The global conversation has shifted: Ban or teach?

It is no longer about whether technology enters the classroom. It is about how it enters, according to what criteria and for what purpose. Because perhaps the most intelligent question is not how we keep children away from technology, but how we teach them to live critically with it.
Because artificial intelligence will not disappear. Algorithms will not disappear either. Social media will continue to shape public conversation, identity and consumption. So what should they learn? How do we ensure that the uses and impacts of technology reach a prepared brain?
Yes, a brain prepared to question, filter and discern. To distinguish information from manipulation. To tolerate the uncertainty of not knowing everything immediately. To build one's own criteria amidst the noise. To know when to stop.
In an environment where any adolescent can receive thousands of stimuli a day, consume unfiltered content and obtain instant answers generated by artificial intelligence, skills such as deep reading, sustained concentration, argumentation, critical thinking and reading comprehension cease to be traditional academic competences and become tools of cognitive survival.
Because whoever does not know how to think will simply repeat what the algorithm delivers.
And whoever cannot read deeply will hardly be able to construct their own position towards the world.

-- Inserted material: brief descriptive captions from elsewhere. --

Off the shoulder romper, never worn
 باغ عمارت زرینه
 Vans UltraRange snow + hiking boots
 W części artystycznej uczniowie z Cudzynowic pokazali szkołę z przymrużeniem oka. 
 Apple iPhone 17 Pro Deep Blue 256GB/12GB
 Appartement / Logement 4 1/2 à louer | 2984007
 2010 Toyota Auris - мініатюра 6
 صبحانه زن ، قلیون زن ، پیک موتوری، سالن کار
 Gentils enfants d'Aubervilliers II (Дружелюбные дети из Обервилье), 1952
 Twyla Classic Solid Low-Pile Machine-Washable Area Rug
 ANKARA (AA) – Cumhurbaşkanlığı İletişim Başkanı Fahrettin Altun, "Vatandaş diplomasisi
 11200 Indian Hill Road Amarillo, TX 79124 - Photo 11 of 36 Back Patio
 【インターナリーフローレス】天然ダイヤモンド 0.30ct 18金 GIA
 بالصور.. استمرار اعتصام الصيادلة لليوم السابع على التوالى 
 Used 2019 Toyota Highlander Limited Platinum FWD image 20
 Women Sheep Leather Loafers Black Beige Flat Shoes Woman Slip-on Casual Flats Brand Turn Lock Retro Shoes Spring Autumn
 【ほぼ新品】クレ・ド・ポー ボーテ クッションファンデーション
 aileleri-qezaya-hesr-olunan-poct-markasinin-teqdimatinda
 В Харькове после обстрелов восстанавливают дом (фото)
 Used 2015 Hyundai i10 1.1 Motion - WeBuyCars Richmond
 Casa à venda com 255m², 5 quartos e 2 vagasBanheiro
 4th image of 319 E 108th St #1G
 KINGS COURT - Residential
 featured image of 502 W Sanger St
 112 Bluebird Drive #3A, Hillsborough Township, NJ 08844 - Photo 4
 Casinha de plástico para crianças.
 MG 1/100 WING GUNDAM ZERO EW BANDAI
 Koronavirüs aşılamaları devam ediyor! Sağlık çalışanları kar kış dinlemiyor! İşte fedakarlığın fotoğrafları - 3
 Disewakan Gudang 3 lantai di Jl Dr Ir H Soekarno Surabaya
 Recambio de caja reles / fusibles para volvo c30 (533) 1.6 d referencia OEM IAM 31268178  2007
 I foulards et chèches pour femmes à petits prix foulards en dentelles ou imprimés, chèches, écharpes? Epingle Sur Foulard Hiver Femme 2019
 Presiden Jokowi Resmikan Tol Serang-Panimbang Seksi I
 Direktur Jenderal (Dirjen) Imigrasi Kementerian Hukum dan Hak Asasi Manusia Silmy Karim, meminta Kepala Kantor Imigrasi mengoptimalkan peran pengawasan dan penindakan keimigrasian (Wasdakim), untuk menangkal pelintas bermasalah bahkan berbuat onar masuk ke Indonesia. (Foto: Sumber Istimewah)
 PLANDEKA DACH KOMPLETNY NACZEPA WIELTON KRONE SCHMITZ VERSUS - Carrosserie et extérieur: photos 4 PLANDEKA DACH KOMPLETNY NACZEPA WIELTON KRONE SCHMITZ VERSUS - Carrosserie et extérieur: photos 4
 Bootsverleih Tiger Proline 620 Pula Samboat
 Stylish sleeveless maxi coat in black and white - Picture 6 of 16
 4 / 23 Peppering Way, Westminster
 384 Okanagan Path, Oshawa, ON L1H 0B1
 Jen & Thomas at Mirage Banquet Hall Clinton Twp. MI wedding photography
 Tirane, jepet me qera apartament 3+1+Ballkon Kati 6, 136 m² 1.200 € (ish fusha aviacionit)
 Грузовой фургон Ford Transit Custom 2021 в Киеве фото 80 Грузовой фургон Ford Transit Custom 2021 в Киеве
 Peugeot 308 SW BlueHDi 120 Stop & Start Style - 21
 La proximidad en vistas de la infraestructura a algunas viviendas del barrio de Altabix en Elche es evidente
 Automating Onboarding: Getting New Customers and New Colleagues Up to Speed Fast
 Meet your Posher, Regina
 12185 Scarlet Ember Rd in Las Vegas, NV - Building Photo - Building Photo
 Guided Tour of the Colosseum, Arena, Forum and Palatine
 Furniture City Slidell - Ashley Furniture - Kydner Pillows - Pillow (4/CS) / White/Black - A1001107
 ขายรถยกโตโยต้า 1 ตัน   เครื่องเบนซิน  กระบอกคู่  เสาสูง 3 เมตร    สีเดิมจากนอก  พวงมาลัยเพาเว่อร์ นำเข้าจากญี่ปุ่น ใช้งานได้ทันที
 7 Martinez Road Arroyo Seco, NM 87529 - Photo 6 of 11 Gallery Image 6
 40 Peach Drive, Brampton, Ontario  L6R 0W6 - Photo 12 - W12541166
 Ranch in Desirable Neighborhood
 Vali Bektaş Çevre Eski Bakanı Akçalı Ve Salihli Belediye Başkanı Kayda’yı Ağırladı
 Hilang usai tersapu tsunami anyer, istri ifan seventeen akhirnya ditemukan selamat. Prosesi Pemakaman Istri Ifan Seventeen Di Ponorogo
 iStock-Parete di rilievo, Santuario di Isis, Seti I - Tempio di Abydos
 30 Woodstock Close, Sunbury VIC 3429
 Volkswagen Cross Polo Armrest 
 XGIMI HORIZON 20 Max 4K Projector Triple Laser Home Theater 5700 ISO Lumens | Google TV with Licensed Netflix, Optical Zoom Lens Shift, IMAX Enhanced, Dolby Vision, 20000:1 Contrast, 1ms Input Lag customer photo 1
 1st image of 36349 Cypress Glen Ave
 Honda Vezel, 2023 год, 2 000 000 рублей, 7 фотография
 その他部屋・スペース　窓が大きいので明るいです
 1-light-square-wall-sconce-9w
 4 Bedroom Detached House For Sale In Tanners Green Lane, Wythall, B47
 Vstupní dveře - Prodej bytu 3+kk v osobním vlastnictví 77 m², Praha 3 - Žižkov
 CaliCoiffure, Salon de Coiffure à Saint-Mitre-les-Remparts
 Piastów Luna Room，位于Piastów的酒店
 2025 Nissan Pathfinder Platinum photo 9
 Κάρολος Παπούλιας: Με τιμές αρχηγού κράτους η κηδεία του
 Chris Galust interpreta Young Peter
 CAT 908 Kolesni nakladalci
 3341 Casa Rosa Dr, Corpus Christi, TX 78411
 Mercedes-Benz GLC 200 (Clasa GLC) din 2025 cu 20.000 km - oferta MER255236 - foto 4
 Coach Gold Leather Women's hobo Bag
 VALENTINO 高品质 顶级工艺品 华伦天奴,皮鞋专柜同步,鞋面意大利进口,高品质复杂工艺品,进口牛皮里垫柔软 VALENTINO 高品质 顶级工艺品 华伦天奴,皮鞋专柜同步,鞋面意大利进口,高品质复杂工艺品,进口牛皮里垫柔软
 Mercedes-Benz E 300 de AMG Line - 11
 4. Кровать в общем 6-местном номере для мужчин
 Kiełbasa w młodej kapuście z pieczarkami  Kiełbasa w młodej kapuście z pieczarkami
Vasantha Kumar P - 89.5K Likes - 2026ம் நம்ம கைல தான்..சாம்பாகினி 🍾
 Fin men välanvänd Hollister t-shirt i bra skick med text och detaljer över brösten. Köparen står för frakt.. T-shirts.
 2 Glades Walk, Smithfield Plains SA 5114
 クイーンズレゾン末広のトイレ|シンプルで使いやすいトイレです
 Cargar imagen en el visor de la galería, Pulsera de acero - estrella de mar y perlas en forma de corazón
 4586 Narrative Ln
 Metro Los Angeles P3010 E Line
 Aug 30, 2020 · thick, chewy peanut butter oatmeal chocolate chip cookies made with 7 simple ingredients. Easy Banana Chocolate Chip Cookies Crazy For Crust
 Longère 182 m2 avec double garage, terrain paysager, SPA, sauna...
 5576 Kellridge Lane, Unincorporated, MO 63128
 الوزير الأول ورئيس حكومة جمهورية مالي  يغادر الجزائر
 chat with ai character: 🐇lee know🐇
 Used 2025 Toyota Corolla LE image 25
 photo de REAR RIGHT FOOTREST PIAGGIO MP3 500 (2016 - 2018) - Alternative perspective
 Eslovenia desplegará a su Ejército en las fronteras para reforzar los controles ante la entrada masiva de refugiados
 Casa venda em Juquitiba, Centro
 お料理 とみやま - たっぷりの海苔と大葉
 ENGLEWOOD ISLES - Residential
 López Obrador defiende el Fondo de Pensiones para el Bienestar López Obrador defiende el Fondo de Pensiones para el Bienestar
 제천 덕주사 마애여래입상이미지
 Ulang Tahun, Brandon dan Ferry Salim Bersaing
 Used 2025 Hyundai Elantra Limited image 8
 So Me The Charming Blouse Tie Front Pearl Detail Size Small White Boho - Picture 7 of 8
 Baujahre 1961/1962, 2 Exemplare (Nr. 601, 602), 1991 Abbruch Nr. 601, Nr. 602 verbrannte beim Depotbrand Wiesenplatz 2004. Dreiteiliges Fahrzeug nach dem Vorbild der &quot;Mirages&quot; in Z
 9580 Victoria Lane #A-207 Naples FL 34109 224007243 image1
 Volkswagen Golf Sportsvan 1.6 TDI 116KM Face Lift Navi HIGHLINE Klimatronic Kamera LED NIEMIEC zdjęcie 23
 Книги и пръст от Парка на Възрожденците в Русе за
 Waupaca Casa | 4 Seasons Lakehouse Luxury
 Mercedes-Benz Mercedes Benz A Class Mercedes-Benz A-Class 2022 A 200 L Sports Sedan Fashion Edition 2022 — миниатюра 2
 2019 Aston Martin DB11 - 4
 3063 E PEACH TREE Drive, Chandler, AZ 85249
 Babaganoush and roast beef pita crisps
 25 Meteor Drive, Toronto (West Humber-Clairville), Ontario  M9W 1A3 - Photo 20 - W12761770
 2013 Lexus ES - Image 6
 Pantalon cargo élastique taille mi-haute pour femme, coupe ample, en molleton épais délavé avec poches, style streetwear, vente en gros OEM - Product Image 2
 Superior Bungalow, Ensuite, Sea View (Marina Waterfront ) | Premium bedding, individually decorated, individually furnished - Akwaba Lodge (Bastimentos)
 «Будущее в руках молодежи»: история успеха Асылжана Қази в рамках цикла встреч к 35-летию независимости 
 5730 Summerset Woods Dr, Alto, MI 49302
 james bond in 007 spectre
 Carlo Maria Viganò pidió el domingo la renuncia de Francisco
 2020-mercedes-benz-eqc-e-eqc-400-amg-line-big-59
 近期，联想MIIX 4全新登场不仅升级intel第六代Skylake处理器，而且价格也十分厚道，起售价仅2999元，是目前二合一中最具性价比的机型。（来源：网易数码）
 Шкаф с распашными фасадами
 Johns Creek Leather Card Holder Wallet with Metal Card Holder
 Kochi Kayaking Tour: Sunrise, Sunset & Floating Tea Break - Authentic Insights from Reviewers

In this context, educating should not consist only of teaching how to use technological tools, but of strengthening what machines cannot easily replace: judgement, empathy, creativity, complex thinking, ethical judgement and the capacity for reflection.
Rather than banning technology, perhaps the real challenge is to develop minds capable of inhabiting it without becoming its hostages. The development of critical thinking does not occur in a vacuum; it requires, in an interconnected way, a solid foundation of factual knowledge, reading and comprehension processes (Willingham, 2023).
Colombian pedagogue Julián de Zubiría has insisted for years that education must develop thinking, not repetition. His proposal for "dialogic pedagogy" starts from an eminently current idea: knowledge is not mechanically transferred; it is constructed.
And perhaps today this idea is more urgent than ever.
Sources:
· Willingham, D. T. (2023). Why Don't Students Like School?: A Cognitive Scientist Answers Questions About How the Mind Works and What It Means for the Classroom. Graó.
·  Mark, G. (2023). Attention Span: A Groundbreaking Way to Restore Balance, Happiness and Productivity. Hanover Square Press.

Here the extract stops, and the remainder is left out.